There are many advantages to using containers to run applications. However, ease of storage is certainly not one of them. To do its job, a container must have a temporary file system. But when a container shuts down, any changes made to its file system are lost. A side effect of easily fungible containers is that they lack an inherent concept of persistence.

While Docker has solved this issue with mount points from the host, on Kubernetes we face more difficulties along the way. The smallest deployable unit of computing in Kubernetes is a Pod. Multiple instances of a Pod may be hosted on multiple physical machines. Even worse, different containers might run in the same Pod but access the same storage.

In this post, we’ll discuss two tools Kubernetes offers to help solve storage issues: volumes and persistent volumes. We’ll cover how and why you’d use each.

About Kubernetes volumes

Volumes offer storage shared between all containers in a Pod. This allows you to reliably use the same mounted file system with multiple services running in the same Pod. This is, however, not automatic. Containers that want to use a volume have to specify which volume they want to use, and where to mount it in the container’s file system.

Additionally, volumes come with a clearly defined lifetime. They are bound to the lifecycle of the Pod they belong to. As long as the Pod is active, the volume is there, too. However, when you restart the Pod, the volume gets reset. If this is not what you want, you should either use persistent volumes (discussed in the next section) or change your application’s logic to accommodate this behavior appropriately.

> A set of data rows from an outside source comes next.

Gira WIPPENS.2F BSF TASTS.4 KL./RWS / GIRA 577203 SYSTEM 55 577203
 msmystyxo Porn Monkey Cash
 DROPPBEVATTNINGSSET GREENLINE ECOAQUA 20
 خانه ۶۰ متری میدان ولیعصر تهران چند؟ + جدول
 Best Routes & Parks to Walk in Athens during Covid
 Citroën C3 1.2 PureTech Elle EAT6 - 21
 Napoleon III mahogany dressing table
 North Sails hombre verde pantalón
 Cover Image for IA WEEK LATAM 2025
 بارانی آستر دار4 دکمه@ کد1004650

While Kubernetes only cares about the formal definition of a volume, you also need to have a real (physical) file system allocated somewhere. This is where Kubernetes goes beyond what Docker offers. While Docker only maps a path from the host to the container, Kubernetes allows essentially anything as long as there is a proper provider for the storage.

You could use cloud options such as Amazon Elastic Block Store (EBS) or Azure Blob Storage, or open-source solutions such as Ceph. Using something as simple and generic as NFS is possible, too. If you want to use something similar to Docker’s mount path, you can fall back to the hostPath volume type.

So how do you create these volumes? You do so in the Pod definition.

Working with volumes

For example, consider creating a new Pod called sharedvolumeexample using two containers—both just sleeping. Using the volumes key, you can describe your volumes to be used within the containers.

				
					kind: Pod
apiVersion: v1
metadata:
  name: sharedvolumeexample
spec:
  containers:
  - name: c1
    image: centos:7
    command:
      - "bin/bash"
      - "-c"
      - "sleep 10000"
    volumeMounts:
      - name: xchange
        mountPath: "/tmp/xchange"
  - name: c2
    image: centos:7
    command:
      - "bin/bash"
      - "-c"
      - "sleep 10000"
    volumeMounts: 
      - name: xchange
        mountPath: "/tmp/data"
volumes:
- name: xchange
  emptyDir: {}
				
			

To use a volume in a container, you need to specify volumeMounts as shown above. The mountPath key describes the volume access path.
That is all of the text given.